Dataset records »

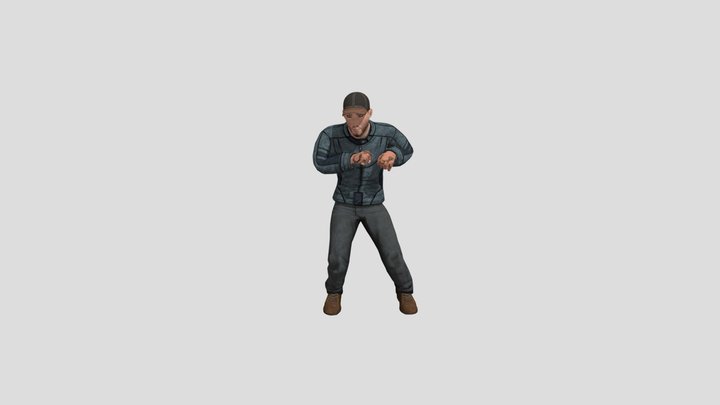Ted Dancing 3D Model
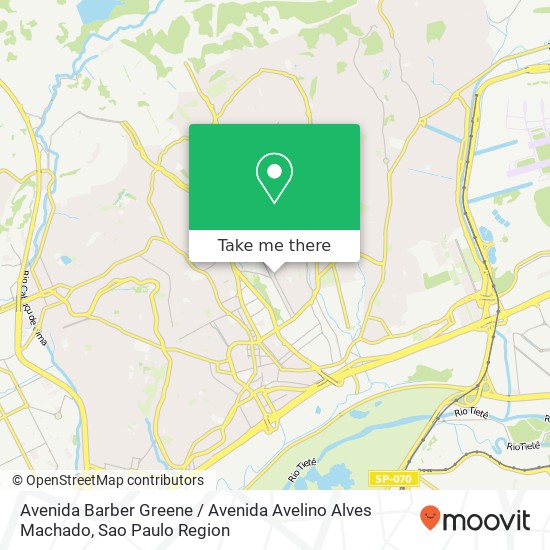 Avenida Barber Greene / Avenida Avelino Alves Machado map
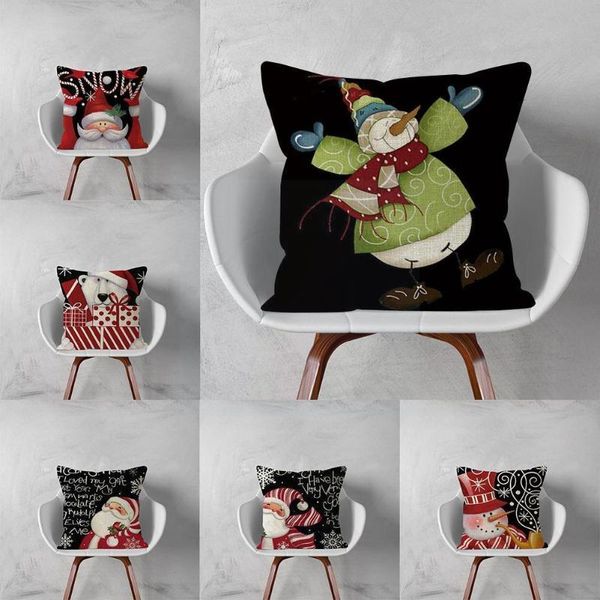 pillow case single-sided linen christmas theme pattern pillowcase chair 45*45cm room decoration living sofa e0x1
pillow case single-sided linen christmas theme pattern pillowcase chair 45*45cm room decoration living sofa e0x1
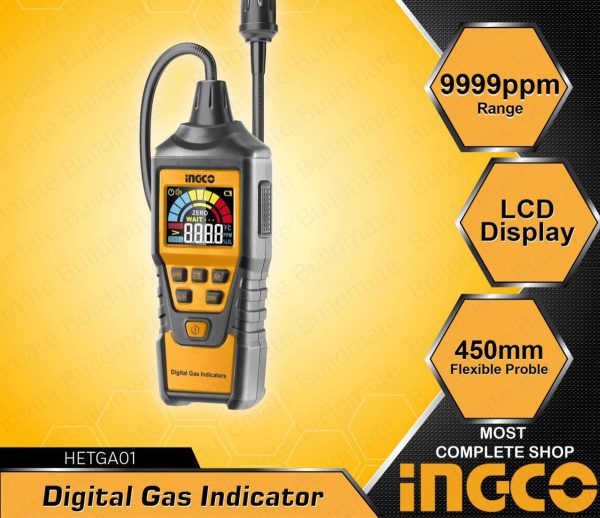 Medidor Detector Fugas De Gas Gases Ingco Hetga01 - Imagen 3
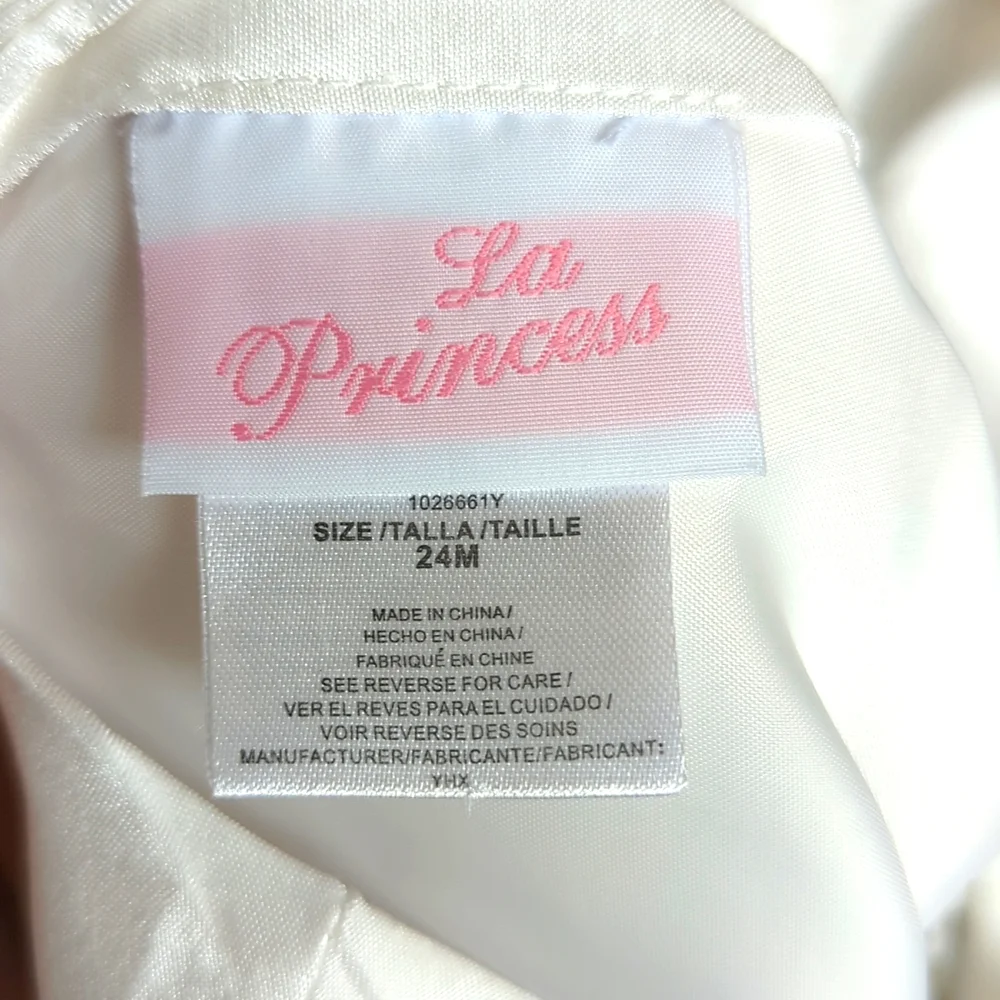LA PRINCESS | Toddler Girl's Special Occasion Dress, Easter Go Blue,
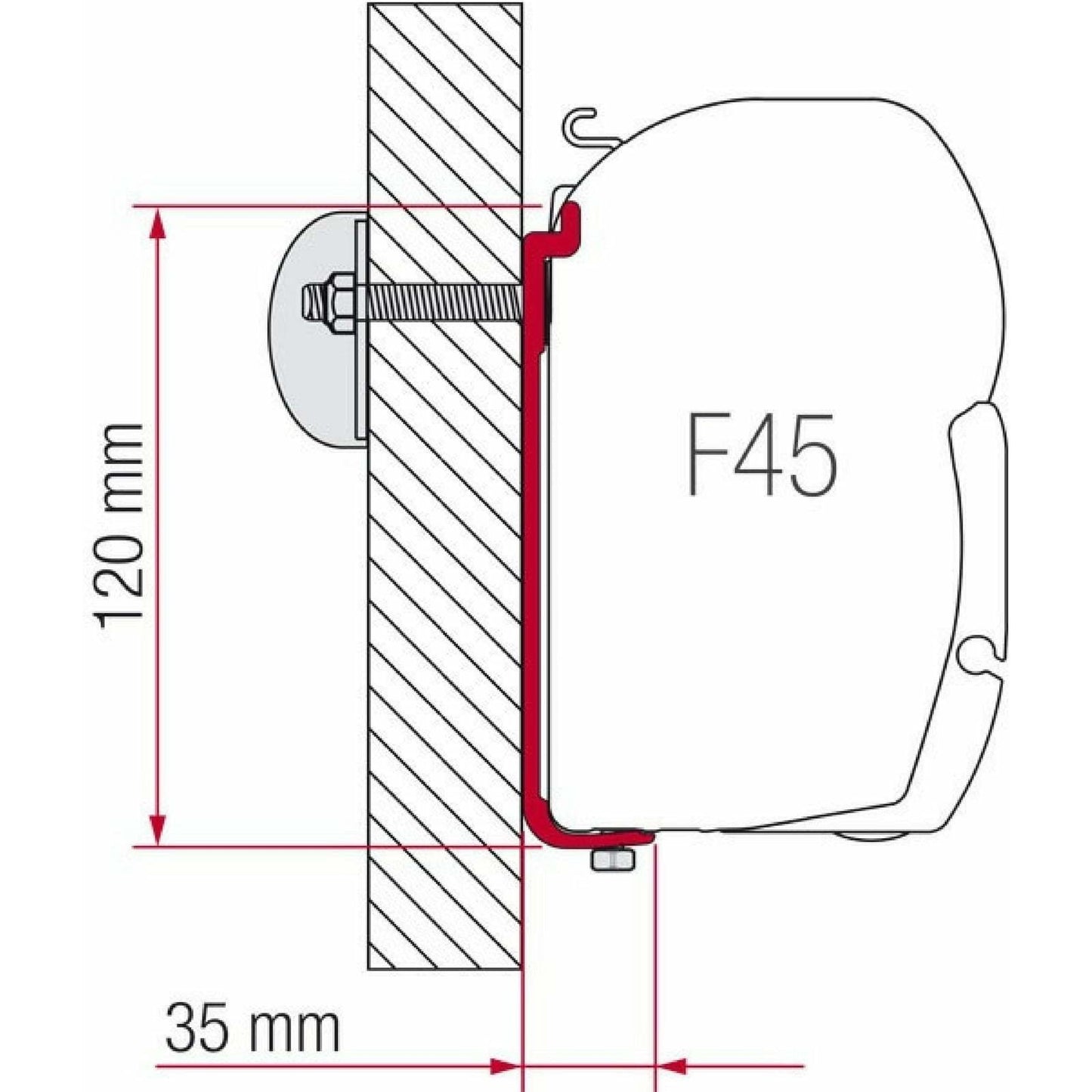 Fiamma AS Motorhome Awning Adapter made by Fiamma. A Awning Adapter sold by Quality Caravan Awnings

What the task requires »
Line by line, write out the data above exactly, without the pictures.

Response area »
Ted Dancing 3D Model
 Avenida Barber Greene / Avenida Avelino Alves Machado map
 pillow case single-sided linen christmas theme pattern pillowcase chair 45*45cm room decoration living sofa e0x1
pillow case single-sided linen christmas theme pattern pillowcase chair 45*45cm room decoration living sofa e0x1
 Medidor Detector Fugas De Gas Gases Ingco Hetga01 - Imagen 3
LA PRINCESS | Toddler Girl's Special Occasion Dress, Easter Go Blue,
 Fiamma AS Motorhome Awning Adapter made by Fiamma. A Awning Adapter sold by Quality Caravan Awnings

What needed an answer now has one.